And, every now and then, I would wake up to my role as caregiver and go on a spree of good behavior. I moved it into the sunlight, I watered it regularly, and I rejoiced as its remaining needles regained their rich hue. For a little while, I felt the sturdy cable of reality holding me to the ground, fighting off the strong upward currents. Every now and then, just for a week or two, we had it good. Until, soon enough, I would be back in the clouds again, holding a rope no longer tied to anything, with my plant back on earth, steeling itself once more for a long walk through the desert.
I don’t know if the phenology of a plant can get used to seasons like this, if it ever learned to expect the freeze-thaw of my love and attention, the monsoon cycle of my mental state, or felt the full disappointment every time. When the days between waterings began to stretch, when the soil began to crack and crumble, when it had to begin deciding which stems and needles it could keep, did it know what was coming? I suspect it was more resilient than I was; I know I never got used to it. Every time, I thought, this time I’ll stick with it. This time I’ll do it right. This time I will plant myself firmly in the ground and hold the crazy at bay. But I never could.
I moved back into treatment after about a year, and the plant returned to my parents’ house. It got a new ceramic pot and a fresh bag of potting soil. It got a prime location center stage in their dining-room window, with a few friendly neighbors to talk about whatever it is that plants talk about.
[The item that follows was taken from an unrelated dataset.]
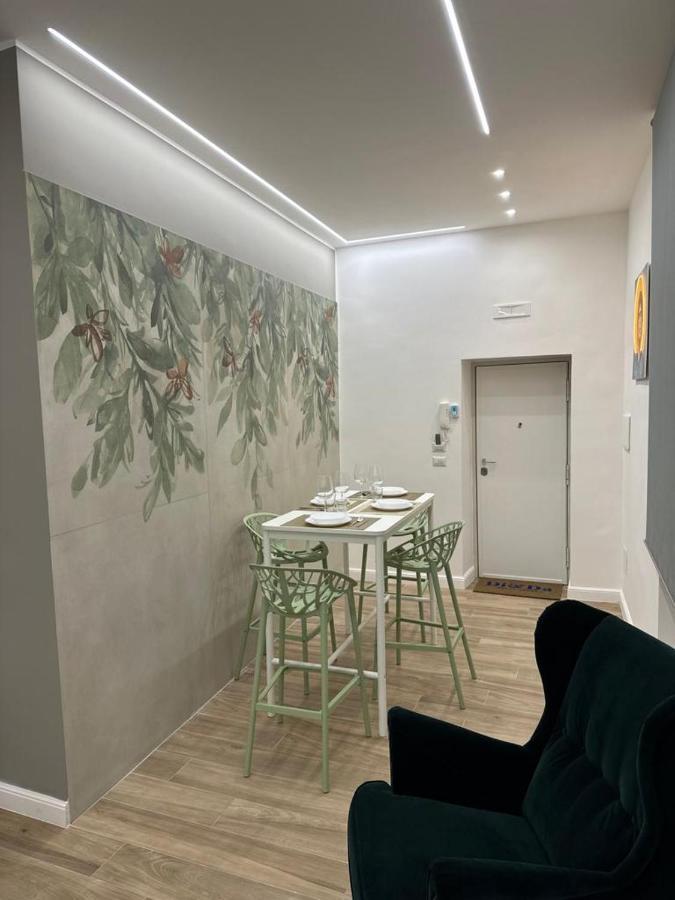 Napoli Centro - Di&Da Guest House Экстерьер фото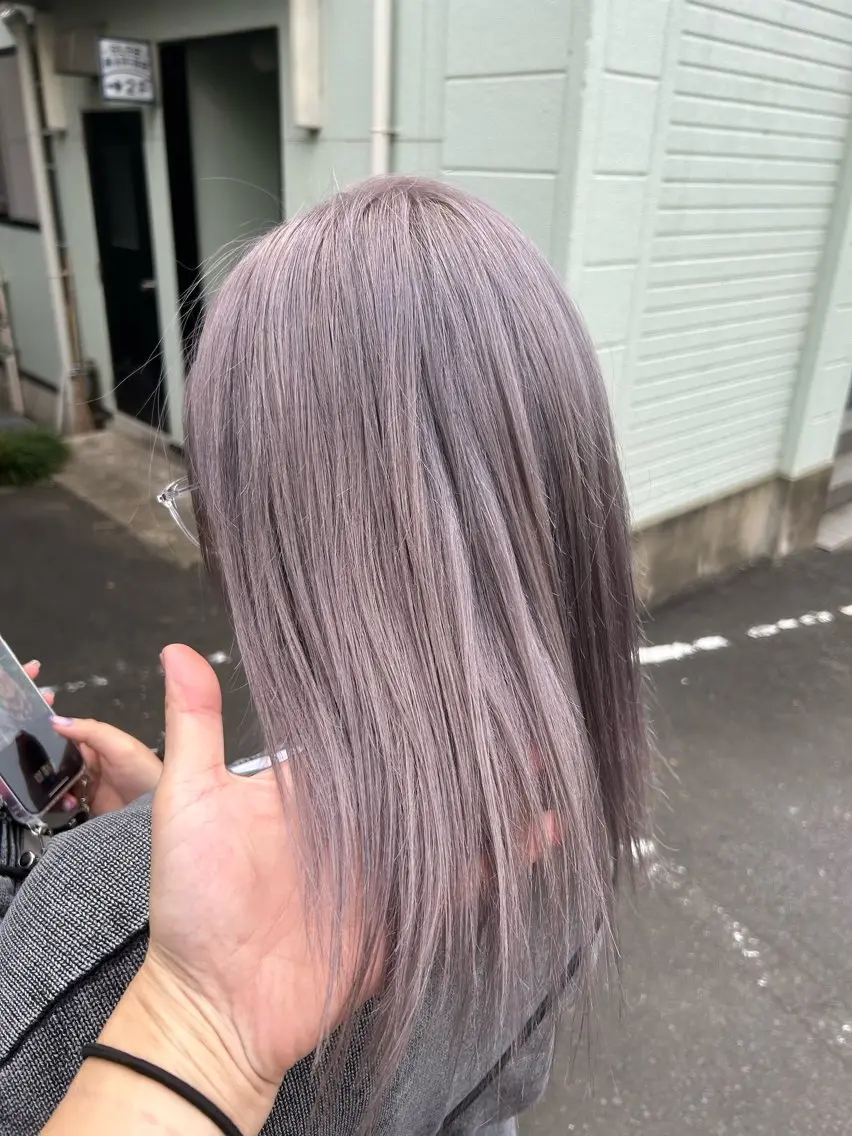 カラー 最高級エクステ /羽エクステ白石宇由のヘアスタイル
Shared trauma, perhaps.
Three years later, the plant is looking better than I ever knew was possible. Two feet tall, three or four feet wide. Probably fifty stems stretching out of its densely packed base, all of them loaded up with forest-green needles. The roots are thick and bursting out of the soil, holding bulbous brown nodules that I’d never seen before, perhaps to store all the extra nutrients it produces now. Perhaps, in those thick roots, it still carries the memory of those lean times, recalling the lessons it learned to survive those cycles of neglect.
And I wonder if it remembers me. When I’m home now, I spend a lot of time looking at it, holding its springy branches between my fingers, feeling the strength it has built up. It’s hard to imagine we were once so close to the brink, that I was once so helpless, so incapable of caring for another living thing. When no one else is around, when the low setting sun catches in its long curving stems, I can sit there for an hour or more, just staring.
But eventually, I get up, and I give it a little water. Even when I know it’s being taken care of, even when I know it doesn’t need me, it still feels good. To apologize, I suppose. I’m moving back into my own apartment soon, and I’m thinking of asking it to come with me.